On June 18, 2009, Florida Governor Crist signed into law the "Double-dipping Reform Bill" to prevent state employees from simultaneously collecting retirement benefits and a salary.

On June 30, 2009, Kone resigned from the University of Florida to return to the University of Texas Medical School at Houston and received a settlement award of $517,000 from the University of Florida Board of Trustees.

== Honors ==
Kone has been elected a Fellow of the AAAS, the American College of Physicians, the American College of Clinical Pharmacology, the American Society of Nephrology, and the American Heart Association, and to membership in the American Clinical and Climatological Association He received an Established Investigator Award from the American Heart Association, and has been continuously funded by the National Institutes of Health for his kidney research since 1986. He was President of the Southern Society of Clinical Investigation, and a member of the Leadership Council on the Kidney in Cardiovascular Disease of the American Heart Association.

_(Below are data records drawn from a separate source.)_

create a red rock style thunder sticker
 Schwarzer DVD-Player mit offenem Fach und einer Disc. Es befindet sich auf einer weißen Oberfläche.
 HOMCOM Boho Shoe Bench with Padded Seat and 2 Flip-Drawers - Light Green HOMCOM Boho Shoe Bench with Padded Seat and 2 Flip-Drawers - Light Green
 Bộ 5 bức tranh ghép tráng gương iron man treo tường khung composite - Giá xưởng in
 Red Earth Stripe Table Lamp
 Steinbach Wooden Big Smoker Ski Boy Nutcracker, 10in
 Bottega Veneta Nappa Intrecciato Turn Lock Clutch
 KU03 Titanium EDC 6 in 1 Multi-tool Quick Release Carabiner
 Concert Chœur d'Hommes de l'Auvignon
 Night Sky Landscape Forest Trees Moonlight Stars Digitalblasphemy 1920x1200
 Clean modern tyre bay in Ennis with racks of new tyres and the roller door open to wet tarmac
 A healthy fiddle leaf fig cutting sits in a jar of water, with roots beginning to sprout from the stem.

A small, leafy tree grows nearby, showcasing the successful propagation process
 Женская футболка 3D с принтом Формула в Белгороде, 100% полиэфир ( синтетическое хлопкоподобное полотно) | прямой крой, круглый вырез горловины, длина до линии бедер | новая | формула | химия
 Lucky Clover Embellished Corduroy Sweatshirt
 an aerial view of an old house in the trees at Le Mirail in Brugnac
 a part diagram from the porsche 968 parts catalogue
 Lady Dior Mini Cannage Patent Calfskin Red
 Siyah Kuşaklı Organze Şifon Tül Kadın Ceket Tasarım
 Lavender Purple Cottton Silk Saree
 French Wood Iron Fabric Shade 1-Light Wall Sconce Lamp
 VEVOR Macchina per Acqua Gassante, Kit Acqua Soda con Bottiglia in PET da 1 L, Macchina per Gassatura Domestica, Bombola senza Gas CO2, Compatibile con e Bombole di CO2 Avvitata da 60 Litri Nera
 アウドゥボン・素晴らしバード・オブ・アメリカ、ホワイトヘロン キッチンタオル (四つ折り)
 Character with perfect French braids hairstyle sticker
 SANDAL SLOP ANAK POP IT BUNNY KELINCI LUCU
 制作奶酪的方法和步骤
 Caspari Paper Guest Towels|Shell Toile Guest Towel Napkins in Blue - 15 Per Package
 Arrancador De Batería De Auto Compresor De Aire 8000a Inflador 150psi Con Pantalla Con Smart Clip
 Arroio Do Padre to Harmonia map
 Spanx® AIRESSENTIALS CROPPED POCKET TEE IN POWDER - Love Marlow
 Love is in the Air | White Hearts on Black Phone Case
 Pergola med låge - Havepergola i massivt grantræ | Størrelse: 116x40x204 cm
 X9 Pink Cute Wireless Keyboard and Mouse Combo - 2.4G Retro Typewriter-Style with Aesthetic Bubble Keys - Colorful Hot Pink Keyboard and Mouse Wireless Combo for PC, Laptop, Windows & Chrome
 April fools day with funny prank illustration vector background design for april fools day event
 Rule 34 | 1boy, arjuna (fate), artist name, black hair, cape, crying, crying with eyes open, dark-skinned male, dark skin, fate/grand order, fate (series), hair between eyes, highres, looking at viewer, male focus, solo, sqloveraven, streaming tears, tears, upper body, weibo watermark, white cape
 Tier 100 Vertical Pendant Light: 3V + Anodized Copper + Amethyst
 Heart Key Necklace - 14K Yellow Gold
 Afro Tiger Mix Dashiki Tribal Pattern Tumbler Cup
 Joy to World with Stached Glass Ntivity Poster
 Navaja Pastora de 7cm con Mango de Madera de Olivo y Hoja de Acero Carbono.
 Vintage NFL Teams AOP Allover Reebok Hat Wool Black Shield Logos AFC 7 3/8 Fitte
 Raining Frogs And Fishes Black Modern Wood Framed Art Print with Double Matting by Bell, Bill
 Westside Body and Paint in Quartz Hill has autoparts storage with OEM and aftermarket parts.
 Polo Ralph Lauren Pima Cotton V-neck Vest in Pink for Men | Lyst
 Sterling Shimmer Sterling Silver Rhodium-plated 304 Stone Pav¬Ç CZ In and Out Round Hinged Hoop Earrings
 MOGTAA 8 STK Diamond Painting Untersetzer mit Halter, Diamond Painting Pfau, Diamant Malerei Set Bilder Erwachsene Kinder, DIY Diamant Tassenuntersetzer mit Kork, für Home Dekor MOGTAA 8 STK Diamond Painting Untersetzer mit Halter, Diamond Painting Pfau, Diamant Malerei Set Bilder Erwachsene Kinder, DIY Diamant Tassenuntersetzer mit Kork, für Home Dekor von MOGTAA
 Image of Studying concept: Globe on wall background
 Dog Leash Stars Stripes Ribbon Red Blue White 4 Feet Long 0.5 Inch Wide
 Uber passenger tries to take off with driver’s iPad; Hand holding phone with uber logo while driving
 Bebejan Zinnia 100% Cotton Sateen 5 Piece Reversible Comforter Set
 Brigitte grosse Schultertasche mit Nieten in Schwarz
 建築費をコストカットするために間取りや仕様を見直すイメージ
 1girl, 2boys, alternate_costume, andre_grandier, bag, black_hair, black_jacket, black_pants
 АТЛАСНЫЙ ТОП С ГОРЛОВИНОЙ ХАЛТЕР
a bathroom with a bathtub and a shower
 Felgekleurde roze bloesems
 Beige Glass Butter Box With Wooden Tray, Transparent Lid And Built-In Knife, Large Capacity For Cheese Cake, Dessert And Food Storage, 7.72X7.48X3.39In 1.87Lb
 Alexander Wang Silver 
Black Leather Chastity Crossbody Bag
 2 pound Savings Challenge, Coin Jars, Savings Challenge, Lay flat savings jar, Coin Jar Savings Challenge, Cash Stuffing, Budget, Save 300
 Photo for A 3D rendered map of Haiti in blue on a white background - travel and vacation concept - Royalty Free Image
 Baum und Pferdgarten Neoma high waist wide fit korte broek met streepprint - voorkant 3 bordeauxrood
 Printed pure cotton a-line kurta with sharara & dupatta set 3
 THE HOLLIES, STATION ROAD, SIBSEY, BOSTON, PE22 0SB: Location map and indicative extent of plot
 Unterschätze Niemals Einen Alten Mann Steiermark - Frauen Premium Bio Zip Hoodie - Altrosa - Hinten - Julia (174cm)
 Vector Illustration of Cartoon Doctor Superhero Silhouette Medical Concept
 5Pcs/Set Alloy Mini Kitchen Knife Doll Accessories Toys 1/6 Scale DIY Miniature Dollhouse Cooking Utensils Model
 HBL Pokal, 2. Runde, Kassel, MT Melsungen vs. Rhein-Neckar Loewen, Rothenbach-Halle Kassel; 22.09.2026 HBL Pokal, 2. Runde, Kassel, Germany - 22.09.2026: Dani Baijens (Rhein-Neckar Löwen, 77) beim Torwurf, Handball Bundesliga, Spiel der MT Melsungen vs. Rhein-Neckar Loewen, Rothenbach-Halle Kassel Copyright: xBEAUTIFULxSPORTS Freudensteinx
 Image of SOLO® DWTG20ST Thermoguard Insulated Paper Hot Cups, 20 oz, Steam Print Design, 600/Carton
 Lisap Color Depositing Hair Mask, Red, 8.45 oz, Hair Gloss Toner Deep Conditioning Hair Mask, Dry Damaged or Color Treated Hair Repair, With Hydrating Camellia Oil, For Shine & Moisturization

He has served as an associate editor of Clinical and Translational Science, and a member of the editorial boards of the American Journal of Physiology. Renal Physiology, the American Journal of Physiology. Endocrinology and Metabolism, the Journal of the American Society of Nephrology, Kidney International, the American Journal of Medicine, and the World Journal of Biological Chemistry. Kone has served on the Florida Tobacco Education and Use Prevention Advisory Council of the Florida Department of Health, the Board of the Memorial Hermann Healthcare System Physicians of Texas, Houston, Texas, and was president and Chairman of the University of Florida Proton Therapy Institute. He is a past member of the Public Policy Committee of the American College of Clinical Pharmacology. He was selected by his peers to "Best Doctors in America" 2005-2019 and to Marquis "Who's Who In America" and "Who's Who in the World" in 2009 - 2019, and "Who's Who in Science and Engineering" in 2010 - 2016. In 2016, he was elected to the Academy of Master Educators at the McGovern Medical School at The University of Texas Health Science Center at Houston. Kone is also recognized as an American record holder (2014, 2015, 2018, 2019), All-American (2010, 2013-2022), Pool All-Star (2014, 2019), and twenty-six time national age group champion in United States Masters Swimming. He co-held a FINA Masters first-place ranking in the world in 2013, garnered two first-place world rankings in 2014, one first-place world ranking in 2015, 2016, 2018-2021, and 2023-24. In 2023, Kone set a world masters swimming record in the 50 short-course meters butterfly.